Although studies have investigated the insulation properties and arc extinguishing characteristics of the C5F10O gas mixture, only few have examined the compatibility of this gas mixture with metal materials. The insulating medium used in electrical equipment should show good compatibility with the metal materials inside this equipment. Copper is widely used as a conductive material in various equipment, including GIS. When using this equipment, the temperature of the conductive copper material increases due to the thermal effect of the current, whereas the poor contact of the conductive contacts may cause partial overheating [17,18]. Therefore, the compatibility of the C5F10O gas mixture with metal materials at different temperatures is of great significance in extending the service life and ensuring the safe and stable operation of equipment.
In this paper, a gas–solid compatibility experiment platform was designed to investigate the compatibility of C5F10O/N2, C5F10O/air gas mixture, and copper materials when aging at different temperatures [19]. The surface morphology and element content of the gas decomposition products and copper samples after the experiments were studied by using a gas chromatography mass spectrometer (GC–MS), field emission scanning electron microscope (FESEM), and X-ray photoelectron spectroscopy (XPS). The interaction principle of the C5F10O on the Cu13 nanocluster surface was calculated via simulation. The related findings provide a reference for the engineering application of C5F10O gas mixture instead of SF6.

2. Experiment Platform

The experiment platform shown in Figure 1 mainly comprises a heating system, a temperature feedback monitoring control system, and a detection system. The heating system includes a heat source and a copper outer casing outside of the heat source, whereas the heat source transfers heat to the surface of the heating device through the copper outer casing. The copper shell has the same material as the experiment copper sheet sample, whereas the air chamber shell is made from stainless steel. To prevent the heating device from transmitting the high temperature to the inner wall of the air chamber, the heating device does not directly contact the air chamber wall, thereby avoiding stainless steel interference during the experiments. The temperature feedback monitoring control system includes a temperature sensor and a proportional–integral–derivative (PID) controller. The copper sample and temperature sensor for the PID controller feedback control are fixed on the copper casing to monitor the temperature of the copper sample in real time and to control the experiment process. The detection system includes GC–MS and FESEM. GC–MS is a GCMS-QP2010 Ultra manufactured by Shimadzu for analyzing the composition of matter in gas mixture.

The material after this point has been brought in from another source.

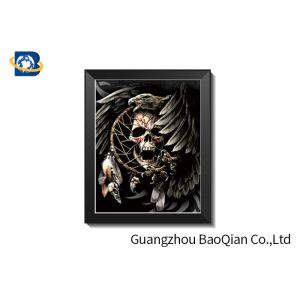 ODM 3D Picture Lenticular Printing Skull With Frame Deep Effect 0.65 mm PET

The column type, film thickness, length, inner diameter, inlet temperature, and mass ion source temperature were CP-SIL 5 CB, 8 μm, 60 m, 0.32 mm, 200 °C, and 200 °C, respectively [20]. This tool can also be used to check whether C5F10O decomposes after coming in contact with the C5F10O/N2 and C5F10O/air gas mixture under different temperature conditions. FESEM is a Zeiss SIGMA FESEM produced by Carl Zeiss for observing the surface morphology of the test sample. The acceleration voltage range of FESEM is 0.1–30 kV, and the maximum resolution is 1.3 nm at 20 kV. The changes in the microstructure of the copper surface after coming into contact with the C5F10O/N2 and C5F10O/air gas mixture under different temperature conditions are also studied.
The copper samples were fastened to the surface of the copper casing before performing the experiments in order for the samples to adhere to the heat source during the experiments. The C5F10O gas has a volume fraction of 7.5%. After the gas filling, the mixtures were allowed to stand for 24 h to thoroughly mix the gas mixture. The experiment group temperatures were 120 °C, 170 °C, and 220 °C, whereas the heating time was 8 h. After 1 h of natural cooling, the experiment was terminated. Given that the C5F10O gas at a pressure of 0.1 MPa had a liquefaction temperature of 26.9 °C, the compatibility of the pure C5F10O gas with the copper material at a gas pressure of 0.3 MPa cannot be studied. Therefore, the pressure of the pure C5F10O gas was set to 0.1 MPa for the experimental group, and the results are compared with those of the C5F10O/N2 and C5F10O/air gas mixture experimental group.

3. Experiment

A photo of the copper samples after the C5F10O/N2 gas mixtures came in contact with the copper material under high temperature conditions is presented in Figure 2. The copper material in the control group before the experiment was purple–red and bright in color. When the experiment temperatures range between 120 °C and 170 °C, the copper surface color gradually turns golden yellow. When the experiment temperature is 220 °C, the copper surface color turns pink.
Figure 3 shows the change in the color of the copper surface after the C5F10O/Air gas mixture comes in contact with the copper sample under different experiment temperature conditions. Meanwhile, Figure 3a shows that the copper surface of the pure C5F10O experimental group is brown and uniform in color. One can observe through optical microscopy that the copper surface is darkened and that the metallic luster is lost. The original fine lines on the surface of the copper sample are covered by the corrosion layer, and the corrosion layer is thicker than the other experiment groups. Therefore, the pure C5F10O gas has poor compatibility with copper. Figure 2d and Figure 3e show that the C5F10O/air gas mixture at an experiment temperature of 120 °C has a similar color to the copper surface of the C5F10O/N2 gas mixture experiment group at an experiment temperature of 220 °C. When the experiment temperature is 170 °C, the copper casing of the heat source turns red, whereas the copper sheet fixed on the surface turns brown. When the experiment temperature is 220 °C, the surface color of the copper turns dark brown and a strong pungent odor is emitted. The change in the color of the copper surface is most obvious at this time.
The color of the copper surface turned red or pink in the experiment mainly because the copper on the surface was oxidized to red cuprous oxide. As the temperature increased, the cuprous oxide further oxidized to black copper oxide. Meanwhile, the change in the color of the copper surface from purple to red or from pink to black in the experiment was due to the continuous oxidation of copper.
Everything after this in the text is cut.